Vascular Anomalies Team
The Vascular Anomalies Team (VAT) is a multidisciplinary group of providers that offers a wide range of services for patients of all ages with vascular anomalies and their families, including:
- Comprehensive consultation services for physicians, patients, and families throughout the state
- The latest diagnostic and treatment approaches
- Monthly interdisciplinary case review
- Access to therapies and interventions, including investigational therapies when indicated and available
- Clinical research aimed at improving the care of patients with these disorders as well as developing new, more effective therapies
- Extensive educational information about educational organizations, support and networking groups, and other patient and family resources
Vascular Anomalies Team Nurse Coordinator
A specialized nurse coordinator will provide a timely intake clinical evaluation and then arrange for a team visit. During the evaluation, the VAT nurse coordinator will determine which specialists the child will need to see and will coordinate this visit accordingly. After the Team evaluation, the nurse coordinator will educate patients and families about their diagnosis, help to calm fears, and empower patients and/or parents.
Vascular Anomalies Team Resources
Because of their complex nature, vascular anomalies call for more than medical care. In addition to our comprehensive, multidisciplinary clinical services, the Vascular Anomalies Team also provides information and support for patients and families, including:
- Advice as to when to see a vascular anomalies specialist
- Guidance and resources for coping with the emotional aspects of having a vascular anomaly
- A directory of advocacy and support groups for those with vascular anomalies and their families
A vascular anomaly can elicit a range of emotions for parents, the affected child, and the entire family, especially if it is prominent. Even those anomalies that will ultimately go away invariably challenge parental coping skills and children’s self-esteem.

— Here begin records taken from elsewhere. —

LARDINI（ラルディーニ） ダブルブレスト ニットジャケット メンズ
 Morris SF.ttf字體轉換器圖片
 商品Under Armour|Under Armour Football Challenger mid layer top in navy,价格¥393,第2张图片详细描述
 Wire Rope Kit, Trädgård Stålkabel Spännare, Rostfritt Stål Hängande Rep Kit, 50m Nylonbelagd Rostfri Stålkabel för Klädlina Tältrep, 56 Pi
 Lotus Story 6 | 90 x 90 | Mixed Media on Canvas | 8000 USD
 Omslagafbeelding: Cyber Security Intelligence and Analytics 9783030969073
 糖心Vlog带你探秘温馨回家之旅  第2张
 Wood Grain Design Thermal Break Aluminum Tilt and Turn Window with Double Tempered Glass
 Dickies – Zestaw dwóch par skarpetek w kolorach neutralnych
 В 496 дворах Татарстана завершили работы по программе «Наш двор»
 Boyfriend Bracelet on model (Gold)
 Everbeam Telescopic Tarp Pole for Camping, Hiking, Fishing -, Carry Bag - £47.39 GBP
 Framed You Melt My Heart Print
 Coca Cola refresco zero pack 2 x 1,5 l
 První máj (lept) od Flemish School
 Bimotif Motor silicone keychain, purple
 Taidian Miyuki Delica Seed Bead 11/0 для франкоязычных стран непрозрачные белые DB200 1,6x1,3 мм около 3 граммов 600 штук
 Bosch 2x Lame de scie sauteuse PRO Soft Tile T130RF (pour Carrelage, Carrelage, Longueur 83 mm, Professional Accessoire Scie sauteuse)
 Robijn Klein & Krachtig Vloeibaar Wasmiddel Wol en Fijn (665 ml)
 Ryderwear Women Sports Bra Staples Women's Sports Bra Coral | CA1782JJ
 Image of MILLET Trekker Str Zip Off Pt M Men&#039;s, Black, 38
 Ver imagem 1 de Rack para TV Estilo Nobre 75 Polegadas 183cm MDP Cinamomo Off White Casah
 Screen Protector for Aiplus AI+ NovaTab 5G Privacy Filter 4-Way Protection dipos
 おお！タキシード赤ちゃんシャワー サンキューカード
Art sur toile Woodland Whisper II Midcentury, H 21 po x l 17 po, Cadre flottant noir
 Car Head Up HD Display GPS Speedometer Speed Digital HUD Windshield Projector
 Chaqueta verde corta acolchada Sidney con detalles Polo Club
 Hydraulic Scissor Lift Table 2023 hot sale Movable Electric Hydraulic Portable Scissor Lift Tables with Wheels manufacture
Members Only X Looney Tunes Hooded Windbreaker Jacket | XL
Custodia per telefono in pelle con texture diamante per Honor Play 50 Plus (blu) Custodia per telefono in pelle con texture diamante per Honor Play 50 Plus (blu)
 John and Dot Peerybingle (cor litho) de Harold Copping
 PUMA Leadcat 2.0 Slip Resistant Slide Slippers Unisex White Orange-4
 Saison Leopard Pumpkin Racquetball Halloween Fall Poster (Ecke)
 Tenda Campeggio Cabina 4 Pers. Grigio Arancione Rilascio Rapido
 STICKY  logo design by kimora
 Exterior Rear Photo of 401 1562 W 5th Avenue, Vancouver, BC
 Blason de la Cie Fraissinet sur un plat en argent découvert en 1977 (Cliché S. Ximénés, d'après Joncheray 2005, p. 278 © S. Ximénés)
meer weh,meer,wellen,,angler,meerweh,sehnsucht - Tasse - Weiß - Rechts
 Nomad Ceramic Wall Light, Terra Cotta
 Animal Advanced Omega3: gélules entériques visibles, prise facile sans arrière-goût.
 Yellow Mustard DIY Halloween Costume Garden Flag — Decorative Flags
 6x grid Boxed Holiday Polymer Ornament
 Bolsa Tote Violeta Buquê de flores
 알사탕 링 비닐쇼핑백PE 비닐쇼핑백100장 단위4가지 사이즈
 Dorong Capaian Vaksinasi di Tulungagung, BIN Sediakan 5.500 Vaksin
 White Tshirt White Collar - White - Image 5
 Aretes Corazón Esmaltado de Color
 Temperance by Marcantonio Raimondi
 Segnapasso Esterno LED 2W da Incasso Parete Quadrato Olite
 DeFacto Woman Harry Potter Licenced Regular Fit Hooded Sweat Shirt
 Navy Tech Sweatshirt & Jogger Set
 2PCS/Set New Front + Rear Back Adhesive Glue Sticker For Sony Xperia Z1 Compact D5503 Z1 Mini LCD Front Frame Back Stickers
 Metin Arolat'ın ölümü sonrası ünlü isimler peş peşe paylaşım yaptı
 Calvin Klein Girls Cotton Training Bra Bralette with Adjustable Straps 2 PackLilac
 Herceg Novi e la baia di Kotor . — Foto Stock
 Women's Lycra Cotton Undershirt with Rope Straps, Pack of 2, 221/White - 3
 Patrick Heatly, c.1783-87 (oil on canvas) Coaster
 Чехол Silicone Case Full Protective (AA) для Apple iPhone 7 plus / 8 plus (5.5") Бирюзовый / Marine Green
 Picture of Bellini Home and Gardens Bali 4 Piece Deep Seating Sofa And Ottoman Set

The following experts are available to help patients and families on this journey:
A vascular anomalies specialist: One important source of support is a vascular anomalies specialist, who can help families understand how their child’s vascular anomaly may change over time and guide them and their child – as he/she becomes self-conscious about the birthmark — to resources that can help him/her deal with many of the emotional issues.
Your primary care physician (e.g., pediatrician): The child’s primary care physician — if he/she communicates with the vascular anomalies specialist and is knowledgeable and up-to-date about the latest treatments for vascular anomalies — can be a source of ongoing support as well.
Counselors and other mental health professionals: Some families find it helpful to seek counseling with a mental health professional. For instance, counselors and social workers, such as those available through the Vascular Anomalies Team, can help children deal with the psychological and social issues related to having a birthmark, and can often serve important roles for siblings as well.
Friends and family: Friends and family, including extended family members, can be a valuable source of support and provide a much-needed respite from strangers’ stares and questions. One recent study showed that parents of children with disfiguring facial hemangiomas found it helpful to interact regularly with adults and children who knew their child and were accustomed to his appearance.
Advocacy and support groups: Communities of families with the same or similar experiences can be a tremendous source of strength, advice, and support. They provide parents an opportunity to share their experiences and feelings with others in a similar situation.